Going from a wide open mortgage industry that had virtually no regulation and that was referred to as the “wild wild west” to a highly government regulated industry is bound to have its share of growing pains. The mortgage world has seen far more than it’s share of growing pains. Once we got through the majority of the changes and the smoke cleared, I for one was in favor of this new world. The new regs protect consumers (or at least try to) and they narrow down the number of lenders out there taking advantage of unsuspecting consumers.

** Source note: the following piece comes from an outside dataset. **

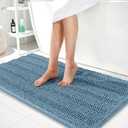OLANLY Thick Bathroom Runner Rugs 44x24, Extra Absorbent Chenille Striped Bath Rugs, Rubber Backing, Machine Wash Dry, Long Bath Mats for Bathroom, Tub and Shower, Home Decor Accessories, Airy Blue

Have we gone too far? Yes – but what is the other option? In a world that is anything but perfect the other option is not going far enough. Pick your preference. Where do you draw the compliance line these days? The CFPB – who is now in charge of enforcing RESPA guidelines (has been since July 2011) and whose mission is to protect consumers – is on the hunt to sniff out industry violations large and small.
CFPB Watching it All
The CFPB is looking in every drawer and under every door mat for a violation or even just the relative of a violation if you catch my drift. Try this on for size – the CFPB is now stating that lenders CANNOT list minimum credit score requirements on their websites and marketing materials. They say it is misleading. In my humble opinion leaving a minimum credit score as a mystery is misleading. So how can the CFPB say it’s misleading or better yet “discouraging.” Their claim is that a consumer may see a minimum credit score and:
1. Not apply due to the fact that they think their credit scores may be lower than they really are
2. Not apply knowing they have a low credit score however a loan officer may have been able to help them improve their credit
If you keep an open mind (and look fairly at both sides) it is possible to see the CFPB’s point of view. It is fair to make an argument for either side. In the end, the CFPB’s argument holds a lot more weight than mine so we bow to the almighty mortgage police and stay out of pin stripe jumpsuits.